Genre-based Music Recommendations Using Open Data (and the problem with recommender systems)

After a long 12 months of pouring my soul into it, my book, Data Analysis with R, was finally published. After the requisite 2-4 day breather, I started thinking about how I was going to get back into the swing of regular blog posts and decided that the easier and softer way is to cannibalize and expand on an example in the book.

In the chapter “Sources of Data” I show how to consume web data of different formats in R. The motivating example is to build a simple recommendation system that uses user-supplied “tags” (genres/labels) submitted to Last.fm and MusicBrainz to quantify musical artist “similarity”. The example in the book stops at the construction and sorting of the similarity matrix but, in this post, we’re going to make a really fly D3 visualization of the musical similarity network and provide recommendations in the tooltips.

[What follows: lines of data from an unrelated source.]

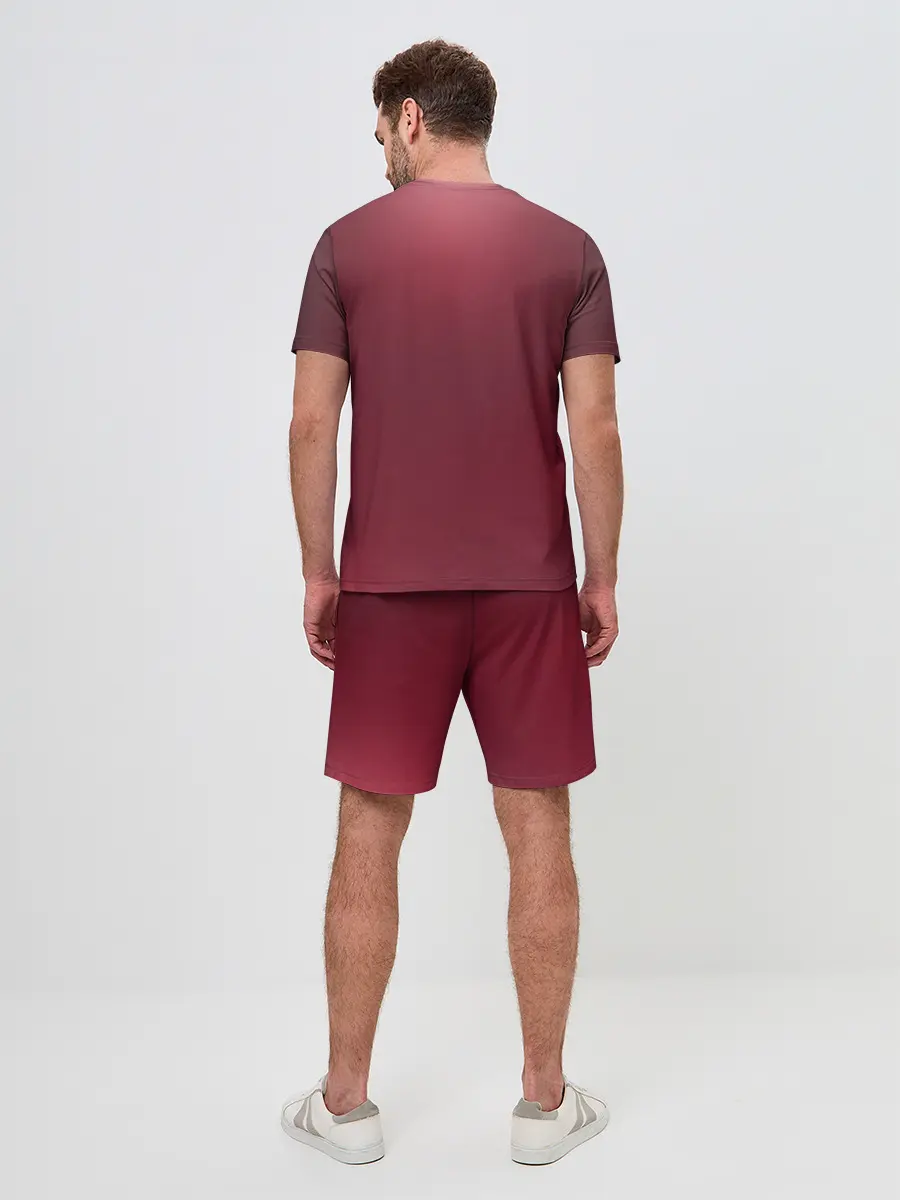 Мужской костюм с шортами / Red Touhou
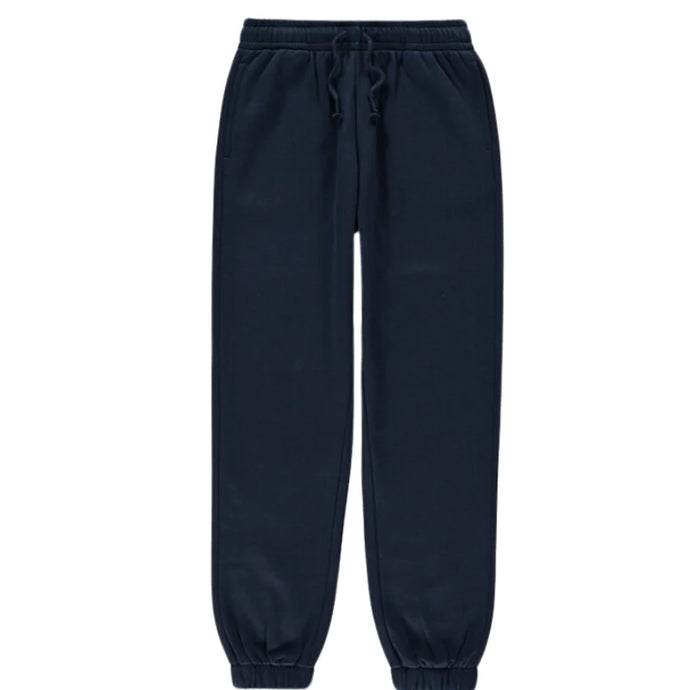 Wholesale parcels of Boys Ex Chainstore Black Fleece Jogging pants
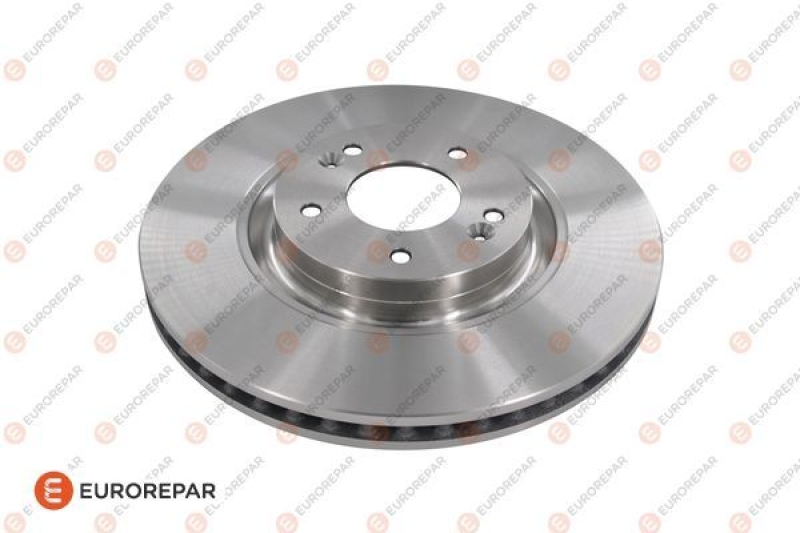 2x EUROREPAR Brake Disc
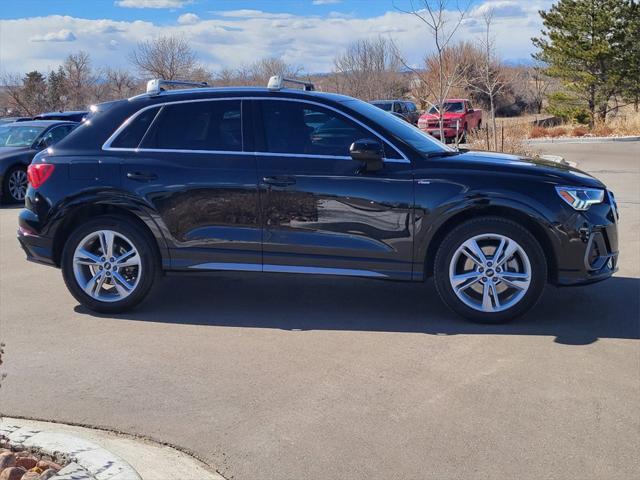 used 2022 Audi Q3 car, priced at $30,950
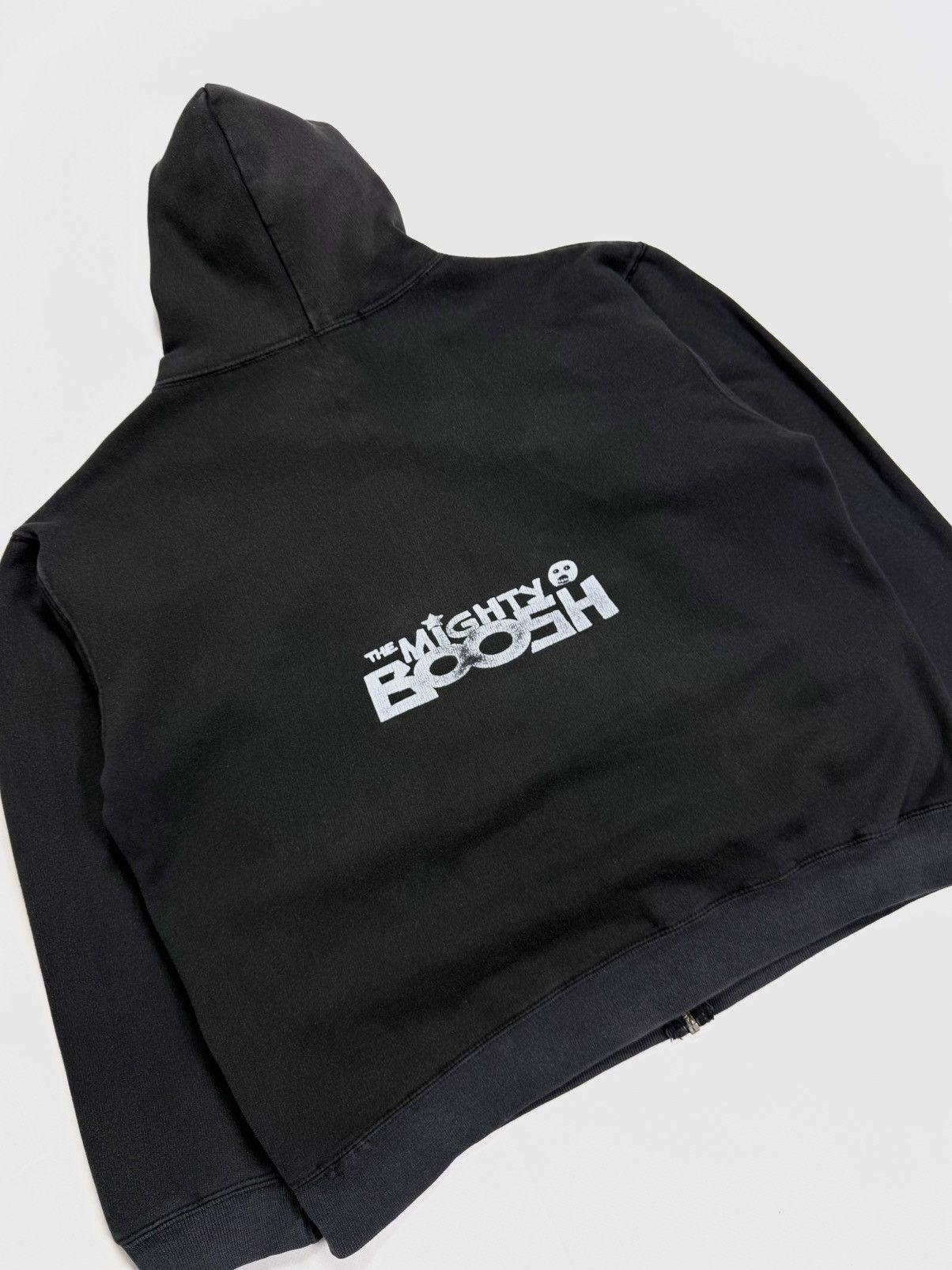 Band Tees Vintage Y2K The Mighty Boosh Lightning Band Boxy Hoodie 90s Size US S / EU 44-46 / 1 - 11 Thumbnail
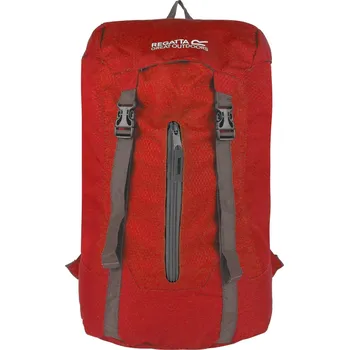 Sportovní taška REGATTA Batoh Great Outdoors Easypack Packaway (25 litrů) RŮŽOVÁ|VÍNOVÁ|ČERVENÁ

The code, including the Javascript and HTML, I used for this post was hastily thrown into a git repo and is available here. If you’re uninterested in the detailed methodology, I suggest you skip to the section labeled “Outcome”.

Methodology

Although in the book tags from both Last.fm and MusicBrainz are used, we’ll just be using Last.fm here. (In additional contrast to the book, the code here is, as you might imagine, substantially faster-paced.)

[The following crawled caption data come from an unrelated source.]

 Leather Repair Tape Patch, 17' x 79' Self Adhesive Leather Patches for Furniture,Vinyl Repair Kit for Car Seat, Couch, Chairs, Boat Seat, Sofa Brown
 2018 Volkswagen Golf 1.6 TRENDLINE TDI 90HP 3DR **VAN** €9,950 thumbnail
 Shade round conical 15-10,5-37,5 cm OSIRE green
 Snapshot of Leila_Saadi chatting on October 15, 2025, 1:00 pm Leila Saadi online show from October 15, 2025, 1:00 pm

The first step is to make a character vector of all the artists that you’d like to be included. If you were building a real system, you’d probably want all Last.fm artists. Since we’re not, I just used 70 of my most played artists on my Last.fm. Since I got the list straight from the source, I didn’t have to worry that any of the API requests would return “No Artist Found”.

The following is a function that takes an artist and returns the properly formatted Last.fm API call to get the tags in JSON format.

1
2
3
4
5
create_artist_query_url_lfm <- function(artist_name){
prefix <- "http://ws.audioscrobbler.com/2.0/?method=artist.gettoptags&artist="
postfix <- "&api_key=c2e57923a25c03f3d8b317b3c8622b43&format=json"
encoded_artist <- URLencode(artist_name) return(paste0(prefix, encoded_artist, postfix))
}

This is an example of the JSON payload from my favorite merengue artist.

We only want the tag names–curiously, attempts to factor in degree of tag fit (the “count” attribute) resulted in (what I interpreted as) substantially poorer recommendations.

The following is a function that will return a vector of all the tags.

1
2
3
4
5
6
7
library(jsonlite)

get_tag_frame_lfm <- function(an_artist){
print(paste0("Attempting to fetch: ", an_artist))
artist_url <- create_artist_query_url_lfm(an_artist)
json <- fromJSON(artist_url) return(as.vector(json$toptags$tag[,"name"]))
}

Since the above function is referentially transparent, and it involves using resources that aren’t yours, it’s a good idea to memoize the function so that if you (accidentally or otherwise) call the function with the same artist, the function will return the cached result instead of making the web request again. This can be achieved quite easily with the memoise package.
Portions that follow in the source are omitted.